With respect to lectin, immunoblot analysis demonstrated that the 62-kDa lectin (WGA)-HRP conjugate (WGA: 22- kDa, HRP: 40-kDa) binds to specific carbohydrate moieties attached to glycoproteins and glycolipids expressed on surface plasma membranes . WGA has been used as an effective tracer in neuronal systems among a number of lectins because of common expression of WGA receptors on surface plasma membranes of most neurons . These findings suggest that synaptic transport of WGA-HRP is highly dependent upon lectin activity. Recent studies also have indicated a relationship between lectin activity and proteins of the annexin family. In particular, annexin IV binding to glycosaminoglycants in the presence of calcium ions is identified to be a lectin . Annexin V also has same lectin activity and is suggested to play certain roles in the central nervous system as a neurotrophic factor .

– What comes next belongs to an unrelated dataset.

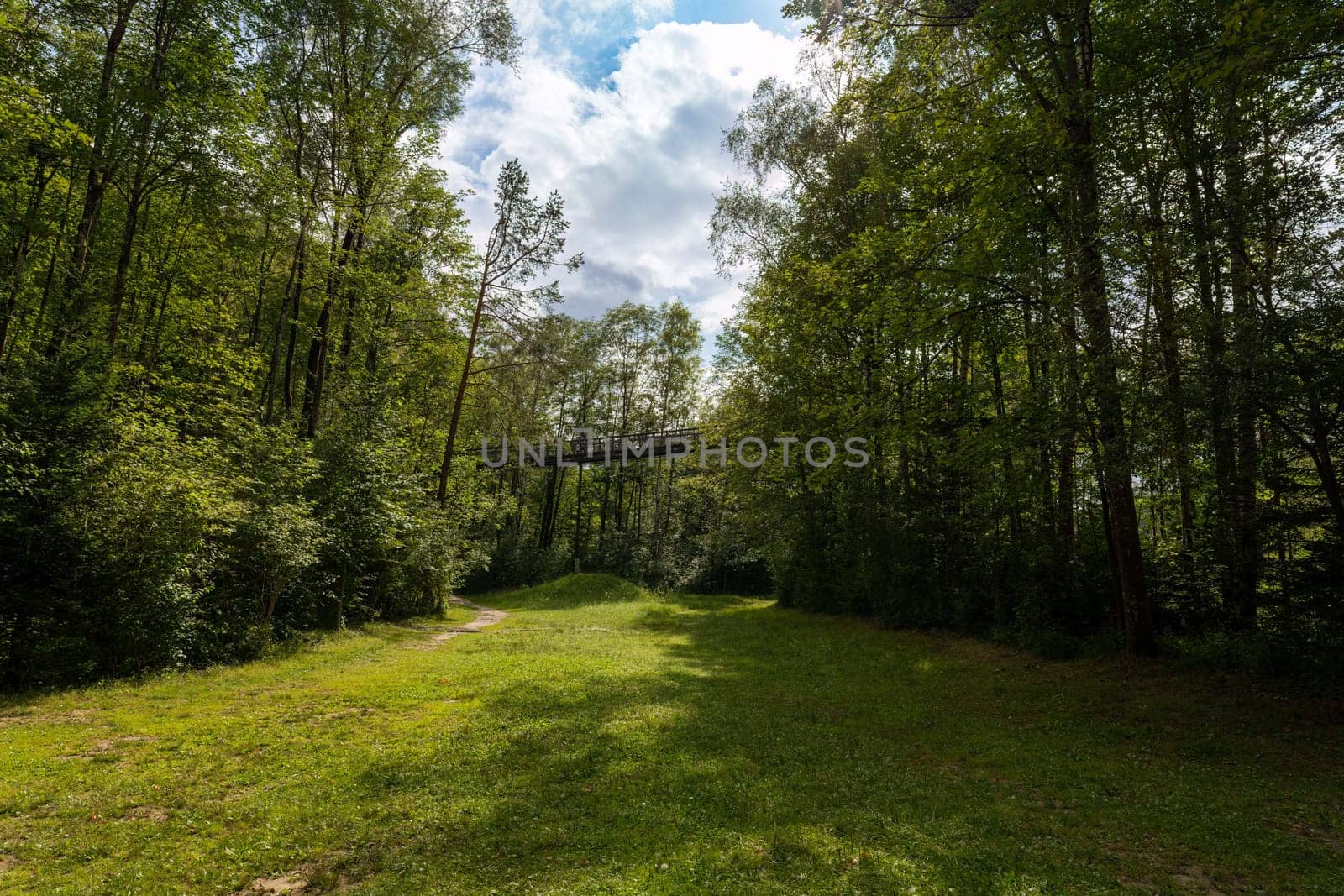 Summer View of the Treetop Path in Ziegelwies from Below.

The relationship between synaptic transport of RP and vesicular transport raised the possibility that synaptic transport of WGA-HRP is induced at the stage of no neurotransmitter release, i.e. no activation of neuron. In this point, Rab3A-siRNA injection into the vagus nerve is useful for investigating the phenomena. The present experiments revealed not only a loss of docked synaptic vesicles adjacent to the postsynaptic density but also abnormal aggregation of synaptic vesicles. These findings are well consistent with those reported in previous Rab3A knock-out mice [10,17,22,23]. Furthermore, in the present study, synaptic transport of WGA-HRP including secretion followed by endocytosis of dendrites was better seen after administration of Rab3A-siRNA. In secretion, the RP showed homogeneous structure which seemed to have no association with lysosome in contrast to membranous substance. Although more detailed molecular analysis for the relationship between the synaptic membranes and protein endocytosed by lysosome should be studied in further experiments, co-injection of Rab3A-siRNA with WGA-HRP apparently makes it possible to demonstrate the direct influence of Rab3A-siRNA in HRP-labeled terminals in vivo. Indeed more studies are required to establish more details about the structures. In the previous study investigating synaptic transport of WGA-HRP in the olfactory bulb after intranasal administration, Broadwell and Balin suggested that the RP is exocytosed from axon terminals for adsorptive endocytosis and possibly fluidphase endocytosis by postsynaptic neurons. The present findings of secretion are considered to be in agreement with their proposal.
The authors greatly appreciate a critical review of an earlier version of this manuscript by Dr. Thierry D. Jacquin and Prof. Norihiko Maeda, and acknowledge the skillful technical assistance of Mr. Wakashi Nagata and Mrs. Mizue Fukutomi. This investigation was partly supported by the grant for science research from the Japanese Ministry of Education (No. 18591292).